Can I has some? Please?
Sounds like our kind of town, said The Escapist. Get into Weta, grab them by the curlies, find out about convergence - mushing movies, games and everything else into one big sticky whole. See what it's like to work in a genuine south seas dream factory. And if you're shot by security or get pictures of Peter Jackson en flagrante with a midget in a monkey costume, there'll be a bonus in it for you.
Security would indeed be a problem; dobermans, lasers, helicopters, instincts honed by a decade of keeping intrusive assholes away from Lord of the Rings and King Kong. Shoot first, feed 'em to the man-eating penguins of Rocky Bay later, never get around to asking questions.
"Sounds fun," said Rachel at Weta Workshops on the phone. "You promise not to ask us for the thousandth time about Hobbits or continuity errors or what Jack Black's really like?"
"What about Wellington and videogames and how doing what you love isn't what it used to be?"
"Great. Come in for a chat. And bring chocolate."
The Far Side of Nowhere
Flying into Wellington airport, you can see where the old gods went mad. As you clutch your seat, you feel Tawhiri the wind-lord blowing up the plane's tailpipe. To the right, Papatuanuku the Earth-mother bashes the hills into shape, and just over there's the earthquake fault-line where she'll go for The Big One someday.
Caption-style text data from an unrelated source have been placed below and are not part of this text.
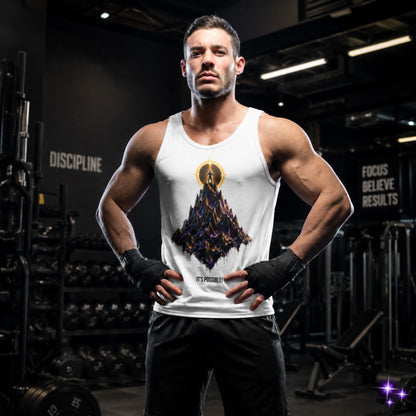 Muscular man in a gym wearing a tank top with a mountain design.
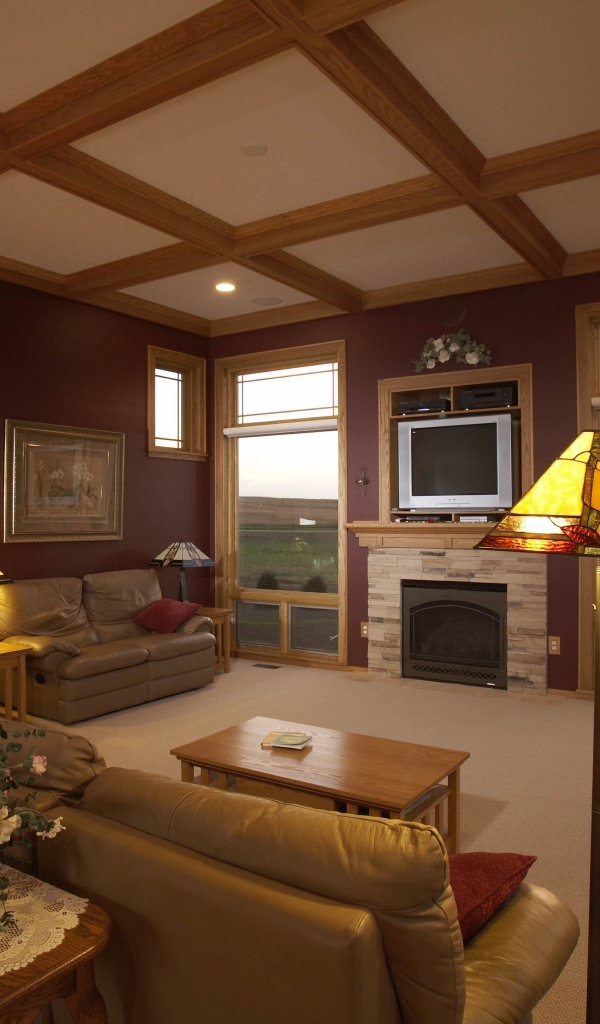 Деревянный потолок в гостиной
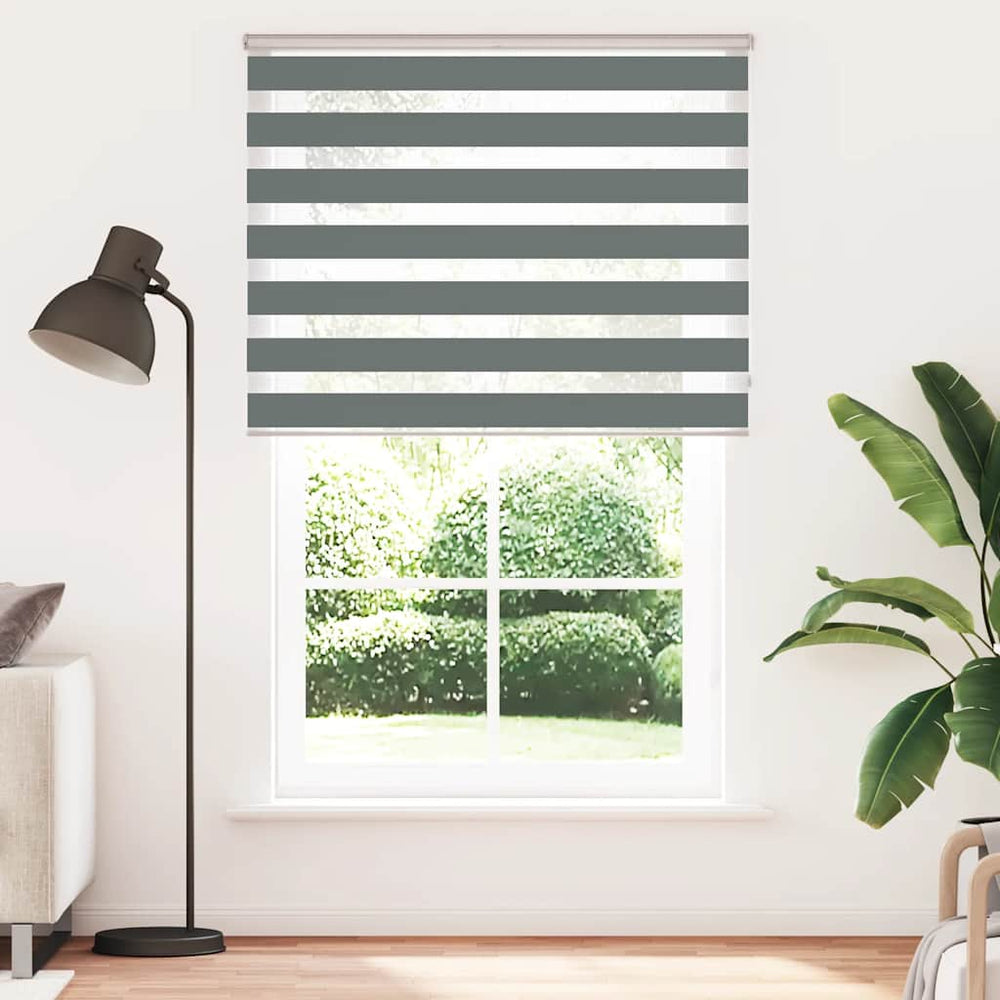 Vidaxl zebra rolgordijn 145x230 cm stofbreedte 140,9 cm donkergrijs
Tangaroa the sea-master hurls storms into the harbor. Out to the east is the spot in the Pacific Ocean that medieval Europeans thought of as the end of the Earth.
The whole place is tiny and mad, a mini sandbox of hills and hurricanes and forests and rocks, cute little houses and the seat of the New Zealand government.
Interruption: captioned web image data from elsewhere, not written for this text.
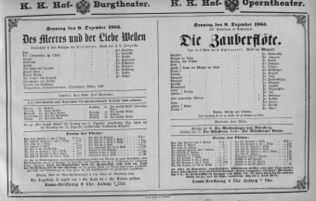 Theaterzettel (Oper und Burgtheater in Wien) 18831209 Seite: 1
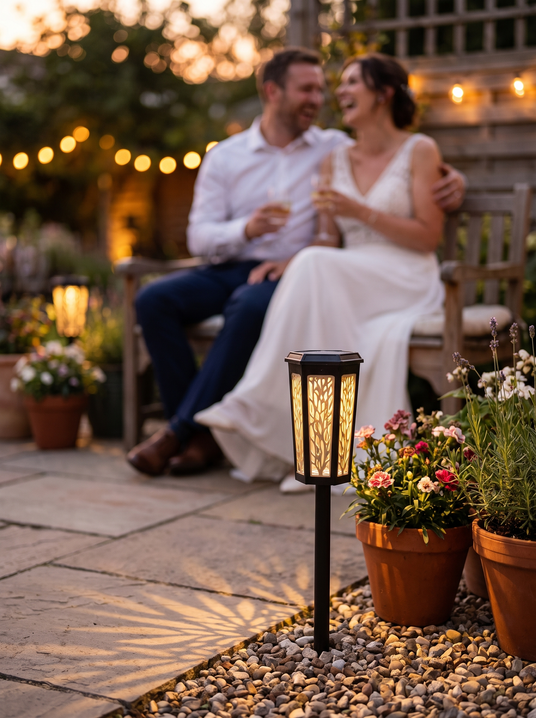 Aveline patterned stake light on a warm evening patio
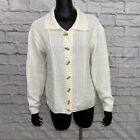 Vintage Cable Knit Acrylic Sweater Grandma Ivory Wooden Buttons USA M Collared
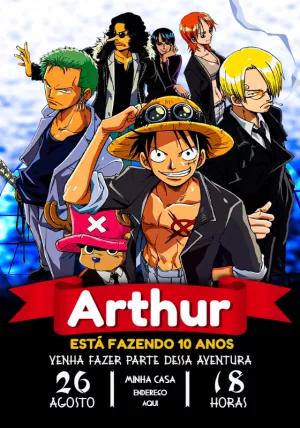 Convite de Aniversário One Piece com Personagens para Editar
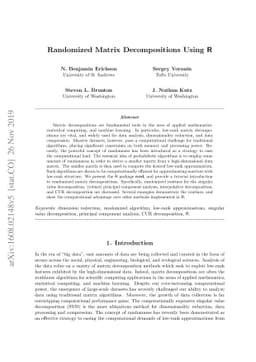 Randomized Matrix Decompositions using R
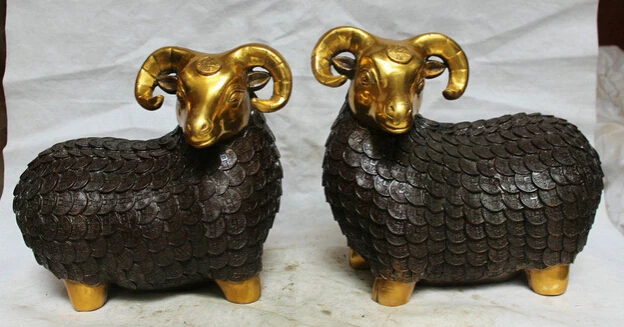 xd 001820 16" Chinese Bronze Gild Wealth Folk Zodiac Year Sheep Goat Statue sculpture Pair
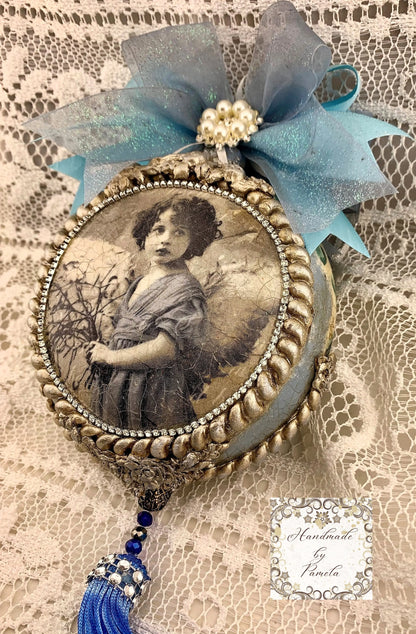 Handcrafted, Christmas, Shabby Chic, Vintage Style, Blue Little Girl Angel, Decoupage Disc Ornament, Nostalgic, Blue, Roses Handmade by Pamela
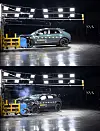 Hyundai Ioniq 5 crashes into a barrier at the carmaker's Namyang R&D Center in Hwaseong, Gyeonggi, during a crash test, Thursday. [HYUNDAI MOTOR]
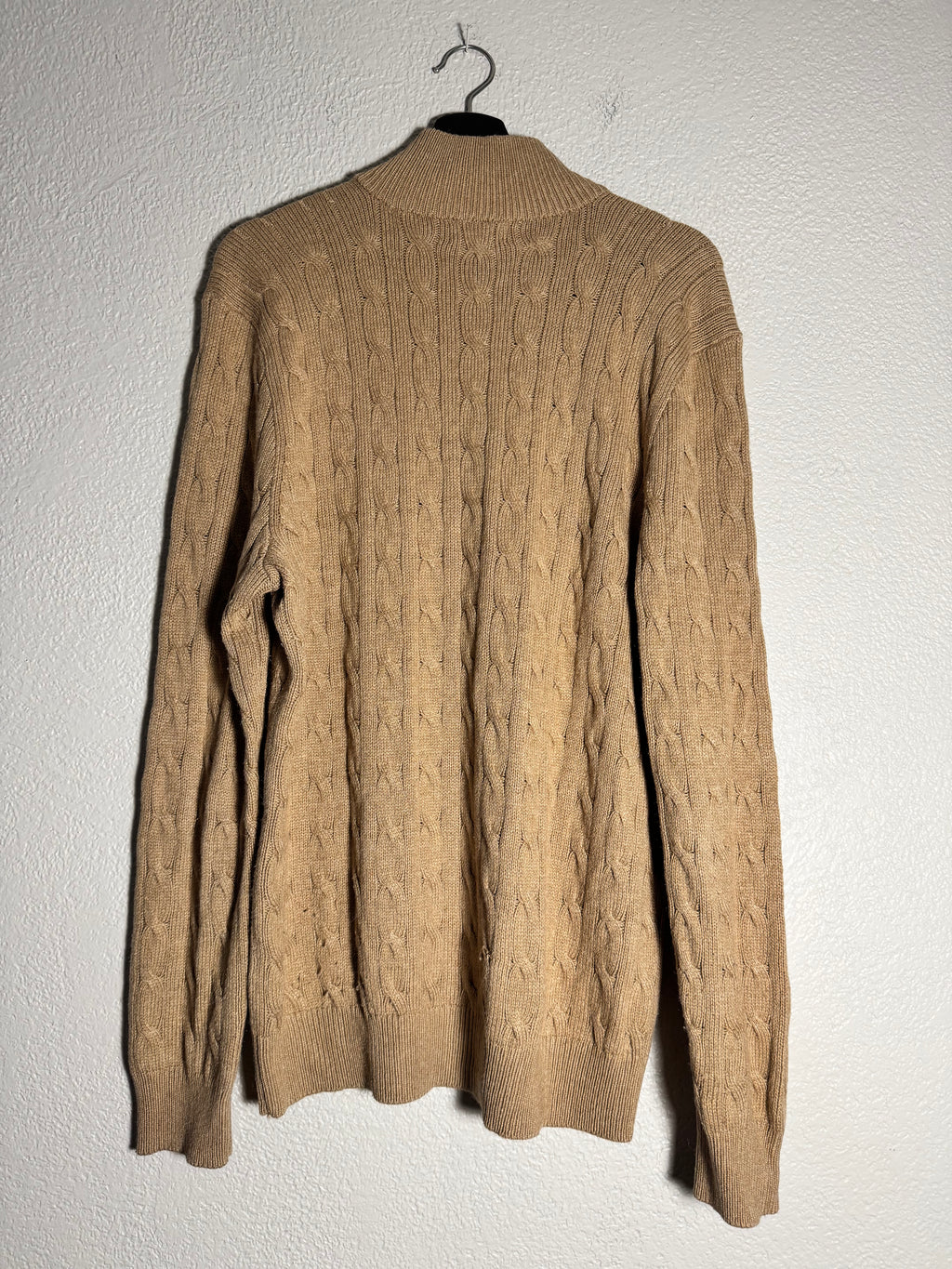 Polo Ralph Lauren Sweater Beige Cotton 1/4 Zip Cable Knit Pullover Size Large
Gino Acevedo got the tailwind his first time, but he also noticed something else.
"Richard [Taylor, Weta workshop founder] had warned me about flying into Wellington, that it gets a 'bit' windy, so just be prepared. I came in and it was a really gusty day, very ... memorable," he says as the terror scars cross his eyes. But the memory that stuck was the rooftops - "they all had different colors, that's something I'd never seen before. Then coming into town and looking all around, it seems like everybody has a bit of an artist side. Even the manhole covers have a koru [fern] design on them. There's lots of art here, lots of creative people."